Material provided.
════════
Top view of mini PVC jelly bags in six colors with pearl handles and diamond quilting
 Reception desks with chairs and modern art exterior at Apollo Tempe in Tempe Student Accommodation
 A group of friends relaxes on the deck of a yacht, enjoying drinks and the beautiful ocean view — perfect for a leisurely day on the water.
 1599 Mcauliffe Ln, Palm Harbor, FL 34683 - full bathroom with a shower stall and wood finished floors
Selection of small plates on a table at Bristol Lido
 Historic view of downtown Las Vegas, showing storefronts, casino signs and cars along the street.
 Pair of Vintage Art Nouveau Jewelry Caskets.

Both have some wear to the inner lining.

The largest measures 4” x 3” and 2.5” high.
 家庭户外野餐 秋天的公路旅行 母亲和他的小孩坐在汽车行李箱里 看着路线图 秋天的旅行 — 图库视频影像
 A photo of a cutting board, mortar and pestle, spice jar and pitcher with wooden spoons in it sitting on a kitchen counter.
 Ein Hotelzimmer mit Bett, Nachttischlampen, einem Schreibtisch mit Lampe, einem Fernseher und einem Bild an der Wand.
════════
Work instructions.
Which lines of the data hold the string "with"? Return each of them.

Answer section.
Top view of mini PVC jelly bags in six colors with pearl handles and diamond quilting
 Reception desks with chairs and modern art exterior at Apollo Tempe in Tempe Student Accommodation
 1599 Mcauliffe Ln, Palm Harbor, FL 34683 - full bathroom with a shower stall and wood finished floors
 A photo of a cutting board, mortar and pestle, spice jar and pitcher with wooden spoons in it sitting on a kitchen counter.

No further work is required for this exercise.